That's the part banks do not care about so I think it's largely irrelevant in the context of this article.



> That's the part banks do not care about so I think it's largely irrelevant in the context of this article.

I have no idea where you got that idea, but it's not true. Which is why any deal that happens between institutions (and sometimes intra-institution) has an army of middle men who are responsible for verifying, monitoring, reporting, etc etc.


But you still need them in a Blockchain world, and still need to trust them.


Or you could convince some other banks to vouch for your transactions if you vouch for theirs and then get rid of the middlemen.


No, because many of the middle men are there because you don't trust yourself.

Imagine you wanted to build a Hubspot/Triggermail/Vero type system, where you send emails to users when certain events are triggered.

Now suppose you use Sendgrid or Amazon to actually transmit your mail. You are unlikely to give very many developers actual sendgrid keys or access to call sendgrid. Most developers will call an internal API to send mail.
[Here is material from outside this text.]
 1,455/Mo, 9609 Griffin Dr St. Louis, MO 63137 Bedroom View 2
This internal API will then perform a bunch of sanity checks - duplicate detection, rate limits, dirty word filters, etc.

Can you "cut out the middle man" by letting each internal service have their own internet connected SMTP server, and stop paying sendgrid and fire whoever builds the internal API? That would be pretty silly.
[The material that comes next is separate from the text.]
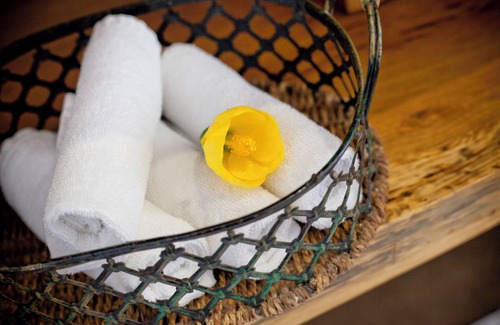 Poas Volcano National Park Hotel | Experience Poas Volcano Lodge: Family-Friendly Retreat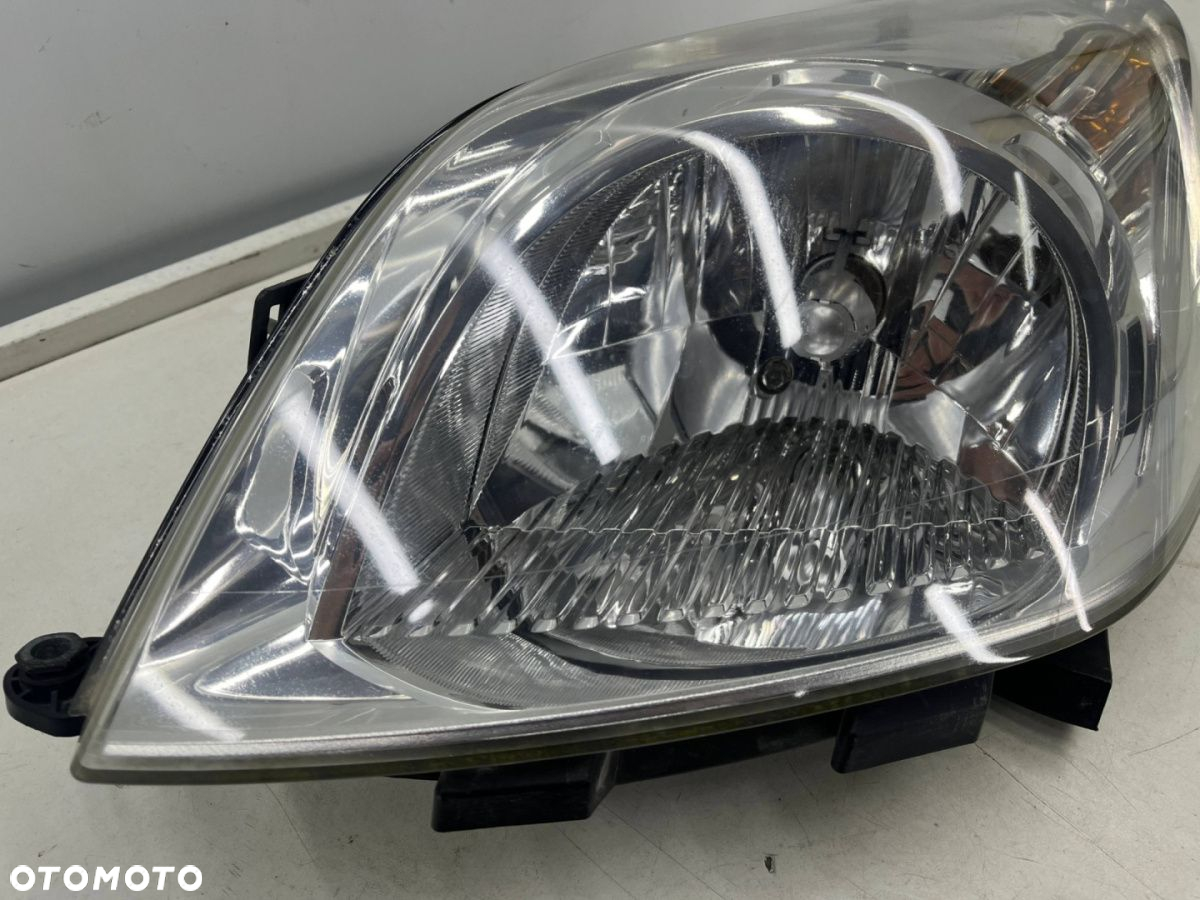 Lampa reflektor Citroen Nemo Bipper Fiat Fiorino Qubo 07-17r. LEWA przednia 45570383 1353198080 - 4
Similarly, a bank can't really get rid of the risk checks, money laundering checks, data normalization checks, etc.


Isn't this similar to the cryptocurrency Stellar


You can use Stellar to build a gateway to another store of value, including bitcoin, dollar, mpesa, rai stone or, my favorite analogy, barn doors you have sitting in a shed somewhere.
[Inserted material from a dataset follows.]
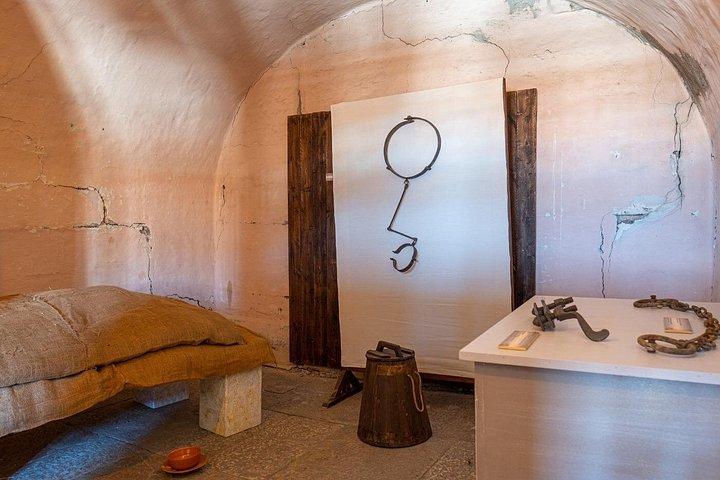 Palacio de los Señores de las Cárceles Nocturnas: Células y Herramientas de Tortura Visitar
I spoke at length w/ a friend working on mortgage-backed securities for GS a few years ago and dealing with third-party (and even intra-office) trust was specifically why he was looking into blockchains, but I'll admit to not being super familiar w/ R3's blockchain implementation. If anyone has a less diatribey and more technical resource they could link to that'd be great.


It will never work in that use case. And I was hoping that the recent ethereum fork after the Dao debacle made it clear for everyone..


They will probably not be using the public Ethereum blockchain, so the fork won't be relevant.


I think Bangladesh cares about it by now


Is your argument that Bangladesh would have been safe if they were using a blockchain? Given their revealed security practices, I'd be surprised if they had the ability to secure any private keys from being revealed - and they would have had even less recourse with a blockchain based system (though admittedly, their recourse is limited even now).


I don't think so. They would have lost ALL if the private key would have been compromised. In this case they even managed to block some transactions and recover quite a big chunk of money.